Some analogies were very specific and creatively rich in possibilities (i.e., a beehive where drones are dying off or a sports all-star team quickly forming and performing). Others were overly general, such as "doing more with less."
There’s an important lesson in this experience about how specific or general you should be with creative thinking exercises.
How Specific Should You Be with Creative Thinking Exercises?
In certain creative thinking exercises, general examples allow people to think more broadly about their own situations in a less encumbered fashion. Often, however, a more general description is only needed to help identify a very specific, analogous example to use as further creative thinking inspiration. Specific, possibilities-rich examples work well with creative thinking exercises such as, "What's it like?"
Using a general situation, such as "doing more with less," makes it too easy for a group to simply focus on their typical day-to-day roles and regurgitate the same things they always do.
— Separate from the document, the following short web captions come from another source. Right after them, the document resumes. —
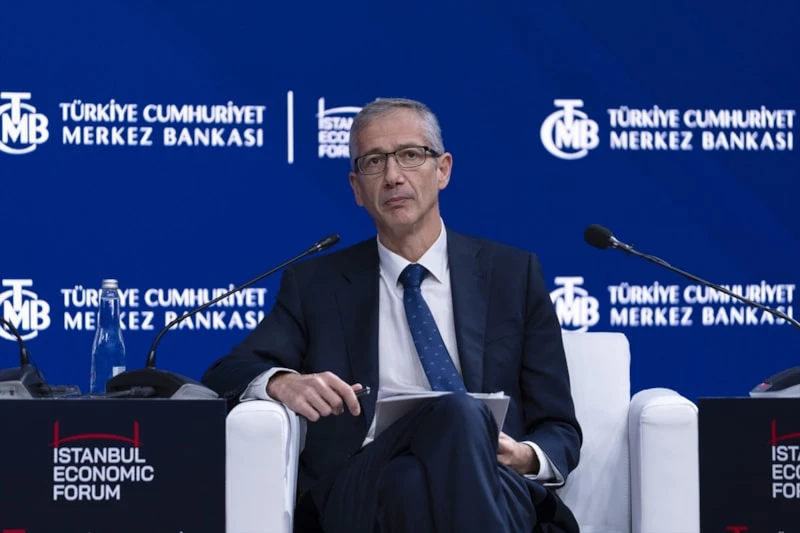 BIS Genel Müdürü Hernandez de Cos'tan İstanbul'da Güvenilirlik Vurgusu
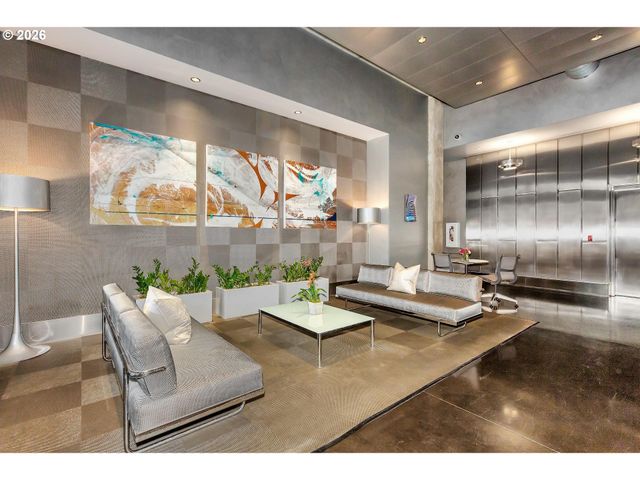 1926 W BURNSIDE St 216, Portland, OR 97209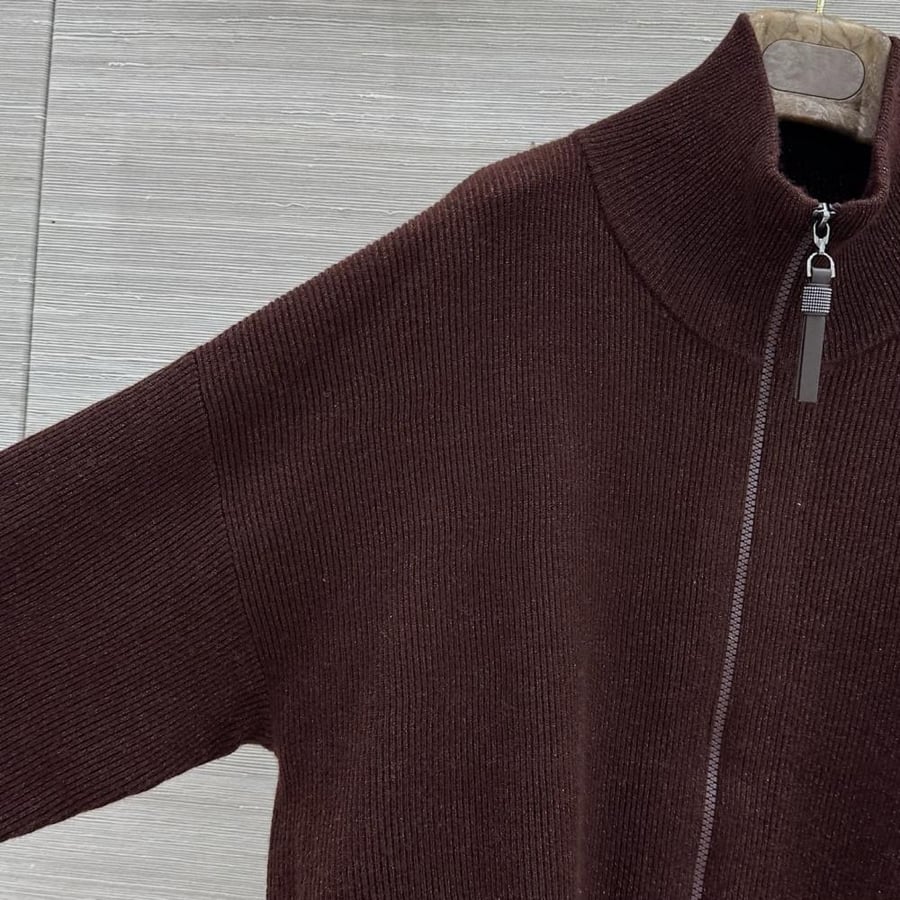طقم Brunello cucinelli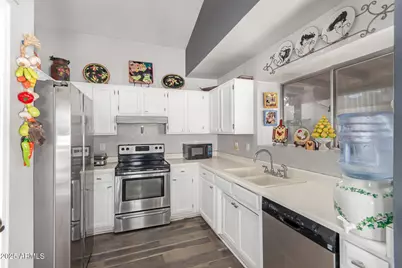 10224 N 65th Lane, Glendale, AZ 85302 - Photo 7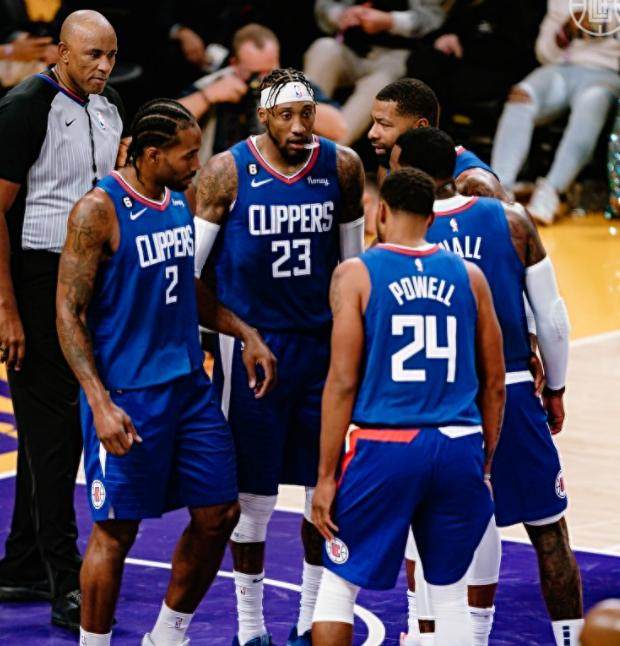 v体育app-【现场】洛城怪味德比：湖人困于死穴 快艇令人期待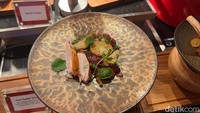 Untuk menu makanan beratnya, Intercontinental Jakarta Pondok Indah menyiapkan Oven Roasted Turkey. Berupa ayam kalkun dengan kol merah,  toge, glazed chesnut, lengkap dengan cranberry saus. Foto: Detikcom / Atiqa Rana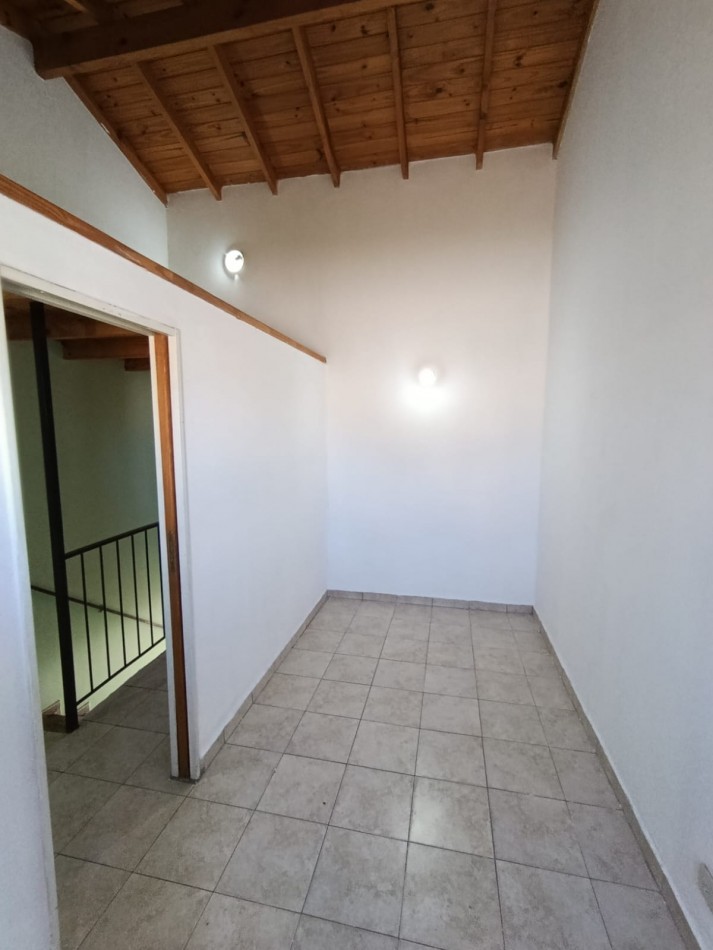 DUPLEX 2 DORMITORIOS A METROS DE AV. PTE. PERON.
With a very specific and markedly different analogy, however, group members begin playing a different role and thinking about their situation in a new way.
The lesson?
Pay attention when you're using creative thinking exercises to prompt a group’s new consideration of its opportunities and challenges. Do you need to view the issue on the table specifically or generally? Decide early and use strategic thinking exercises to guide them accordingly because whichever direction you pick has a major impact on the creative thinking that follows.